In July 2017, the archaeological team excavating the major fortress discovered a rare 10th century ivory icon believed to have belonged to a Byzantine Emperor or a member of the Byzantine imperial family, and to have been made in Constantinople.

Before that, the Burgas Museum had just announced the discovery of a 7th century gold coin of Early Byzantine Emperor Phocas (r. 602-610 AD).

The Rusocastro Fortress had a territory of 52 decares (app. 13 acres), making it the largest medieval fortress in today’s Southern Bulgaria, and comparable in size to the key medieval fortress in today’s Northern Bulgaria such as the citadels of Tarnovgrad (today’s Veliko Tarnovo), Tsarevets and Trapesitsa, and the cities of Cherven and Kaliakra.

The walls of the Rusocastro Fortress have been preserved up to a height of 5 meters.

Background Infonotes:

The Late Antiquity (Early Byzantine) and medieval Bulgarian and Byzantine fortress of Rusocastro (Rusocastron) is located in today’s Southeast Bulgaria, close to the Black Sea city of Burgas. Rusocastro was also known as “The Red Fortress” because of the red stones it was built of.

In the 2nd millennium BC, the Ancient Thracians set up a shrine of the Sun God, the Mother Goddess, and the Thracian Horseman, also known as god Heros, near the legendary cave known today as Rusina Cave or Rusa’s Hole. Its site was settled in the period of Ancient Thrace, and was an important center in the Thracians’ Odrysian Kingdom.

The fortress itself was built in the 5th century AD on a strategically located hill. The Early Byzantine fortress was most probably destroyed in the Slavic and Avar invasions in the 7th century. The Rusocastro Fortress was rebuilt by the Bulgars in the 9th century, during the First Bulgarian Empire (632/680 – 1018 AD), at the time of the construction of the Bulgarian border rampart known as Erkesiya (in use in the 9th-11th century), and was a major stronghold in the geographic region of Thrace during the High Middle Ages.

The earliest written information about the Rusocastro Fortress comes from a 6th century epigraphic monument dedicated to Byzantine military commander Justin, who, according to some Bulgarian scholars, was the great-grandson of Byzantine Emperor Justin I (r. 518-527 AD), the uncle of Emperor Justinian I (r. 527-565 AD). The name Rusocastro was first used in the 12th century by Arab geographer El Idrisi in his work “Geography of the World”, where Rusocastro is described as a large and crowded city. The fortress was also mentioned in a number of Byzantine sources from the 14th century relevant to current events.

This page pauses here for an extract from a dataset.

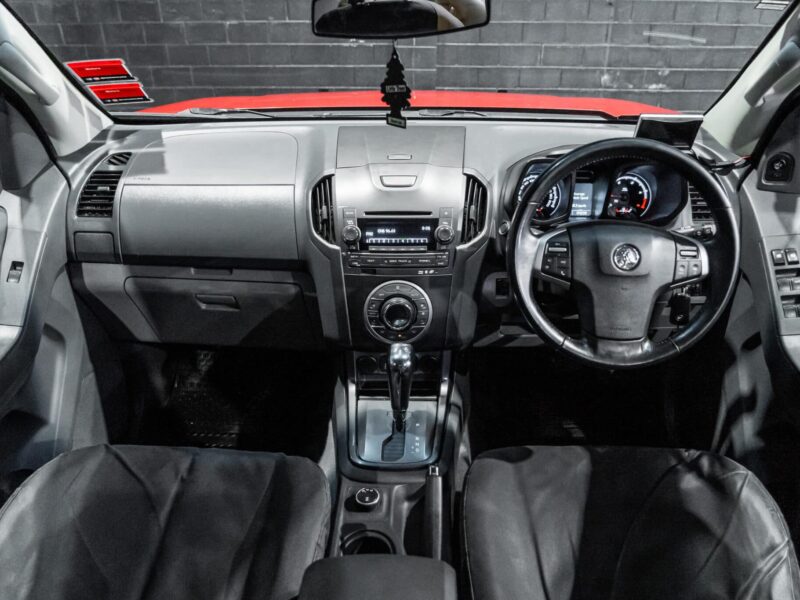 Vehicle Gallery Image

The Rusocastro Fortress is famous in Bulgarian history for the Rusocastro Battle in which the army of Bulgarian Tsar Ivan Alexander (r. 1331-1371 AD), ruler of the Second Bulgarian Empire (1185-1396 AD), defeated the forces of Byzantine Emperor Andronicus III Palaeologus (Andronikos III Palaiologos) (r. 1328-1341 AD) in 1332 AD.

The Battle of Rusocastro is often referred to as the last big military victory of the medieval Bulgarian Empire before its conquest by the invading Ottoman Turks at the end of the 14th century.

Tsar Ivan Alexander’s victory at Rusocastro is considered the last major military victory of the Bulgarian Empire before its decline in the second half of the 14th century, and its conquest by the Ottoman Turks that ushered in the darkest page in Bulgaria’s history, a period known as the Ottoman Yoke (1396-1878/1912). The Rusocastro Fortress was ultimately destroyed in Ottoman campaigns in 1443.

Rusocastro has been excavated by archaeologists Milen Nikolov and Tsanya Drazheva from the Burgas Regional Museum of History. The Bulgarian archaeologists have excavated several churches there including a monastery named after St. George, which existed in the 11th-14th century. Unfortunately, a Christian necropolis in the Rusocastro Fortress was partly destroyed in the largest military drills dubbed “Shield” of the countries from the former Soviet-dominated Warsaw Pact that took place in Eastern Bulgaria in 1982.